Filed by CUPE, along with its leader Fred Hahn, Diane Dowling, and John Clark in December of last year, the suit alleged the government knew selling Hydro One would hurt the people of Ontario. Further, the suit claimed the deal was structured in such a way as to financially benefit the government, consultants, and bankers.
Early on the government tried to have the suit dismissed by claiming parliamentary privilege. Justice Cavanagh, who heard the arguments, decided to deny the objection. CUPE called that a victory which will ensure the Premier and Ministers can’t hide behind legislative privilege.

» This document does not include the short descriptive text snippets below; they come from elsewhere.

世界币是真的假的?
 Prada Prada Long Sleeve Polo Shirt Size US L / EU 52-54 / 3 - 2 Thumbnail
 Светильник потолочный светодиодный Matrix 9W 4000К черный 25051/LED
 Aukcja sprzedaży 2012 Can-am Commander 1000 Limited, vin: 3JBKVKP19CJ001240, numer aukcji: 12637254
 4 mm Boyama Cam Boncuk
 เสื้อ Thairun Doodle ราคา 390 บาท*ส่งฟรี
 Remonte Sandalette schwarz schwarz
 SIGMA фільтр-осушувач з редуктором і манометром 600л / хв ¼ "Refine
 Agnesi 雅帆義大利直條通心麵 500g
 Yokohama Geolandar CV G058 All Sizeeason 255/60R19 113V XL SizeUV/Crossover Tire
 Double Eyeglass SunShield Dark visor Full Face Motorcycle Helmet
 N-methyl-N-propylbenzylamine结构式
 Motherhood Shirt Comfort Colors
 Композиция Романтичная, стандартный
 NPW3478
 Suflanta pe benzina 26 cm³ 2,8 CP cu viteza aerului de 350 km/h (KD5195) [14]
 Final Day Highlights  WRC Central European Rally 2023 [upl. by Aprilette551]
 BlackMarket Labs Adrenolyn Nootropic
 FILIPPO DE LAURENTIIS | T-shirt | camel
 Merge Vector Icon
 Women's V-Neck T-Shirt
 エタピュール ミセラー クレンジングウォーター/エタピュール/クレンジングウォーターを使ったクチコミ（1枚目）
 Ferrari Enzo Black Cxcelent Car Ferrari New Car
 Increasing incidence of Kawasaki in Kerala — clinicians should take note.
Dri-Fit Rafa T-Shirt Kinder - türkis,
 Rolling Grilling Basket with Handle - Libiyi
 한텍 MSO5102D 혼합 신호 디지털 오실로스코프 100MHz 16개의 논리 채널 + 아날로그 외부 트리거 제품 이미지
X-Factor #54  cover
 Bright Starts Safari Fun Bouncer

“We are pleased, and ultimately relieved, that the judge ruled the Premier and her Ministers cannot hide behind parliamentary privilege,” said Hahn. “This was the crux of the government’s motion to dismiss, claiming they were not subject to the same law as the rest of us. It is critical to our democracy that the judge dismissed this argument.”
On the matter of misfeasance, the judge ruled the pleading was unsupported.
Hahn says his union knows it can support its allegations that, “… the government’s decision was not in the best interest of the people of Ontario, we know they structured the deal in a way that benefitted bankers and consultants operating as middle men on the deal.”
He added that all of the union’s allegations were based on matters of public record and went on to say elected members of the government are not allowed to, “… use their power to knowingly make a decision that will hurt the people of Ontario and benefit themselves. This is precisely the type of improper conduct by government officials that the law of misfeasance in public office is supposed to prevent.”
CUPE says it is now looking into appealing the decision.